Why is this work important to you, personally and professionally?
Food loss and waste is deeply unsettling to me. In a world with enough food to feed all people, it just does not make sense that people continue to go hungry. To put numbers to it, 820 million people went hungry in 2019.
Wasting food is also fueling climate change and squanders natural resources - from the energy it took to grow, maintain, and harvest crops and then transport, process, and package the food in addition to the water, materials, soil, labor, and time inputs. Up to 10% of global greenhouse gas emissions are associated with food that is not consumed and food rotting in landfills produces methane — a greenhouse gas more powerful than carbon dioxide. Food waste also strains waste management systems and exacerbates food insecurity. It’s truly a harmful self perpetuating cycle.
It’s important to me because of the interconnectedness of all the issues that food waste touches on with respect to the overall food system, human and planetary health and ultimately because when we destroy nature we destroy ourselves. I am passionate about the role of innovation, entrepreneurship, markets and system investing as a theory of change particularly in promoting change towards a healthier and sustainable food system. Food impacts community and human health and wellbeing— it is the most critical aspect of our lives.
What are you most proud of? What did you learn along the way?
I am most proud of launching my venture capital fund, E²JDJ, alongside my partner Corey Jones. We have built a firm that aims to identify, support and scale unconventional solutions addressing the most pressing issues associated with the broken food system. I am honored to have the privilege to back founders who are building a better world. The future is bright and we have only scratched the surface in terms of the potential for food technological innovation.

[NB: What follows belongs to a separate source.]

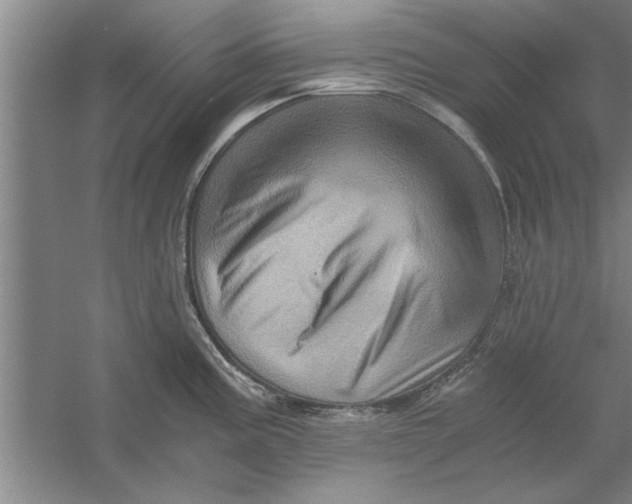 X0000056341195200509232031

I have learned so much along the way in navigating the choppy waters of entrepreneurship! Building something is never easy and I’ve learned to stay resilient. You must have the ability to absorb, adapt, and evolve to endure the journey. I’ve also seen that the most successful people don’t know it all, but they bet on themselves to figure it out along the way. One of my most profound and fulfilling realizations is that following your purpose and passions and aligning it with how you spend your time is what brings the real joy.
Finally, another lesson worth sharing is that building a business (or generally anything) can never be an isolated effort — finding helpful support and access can supercharge growth and pay dividends long term!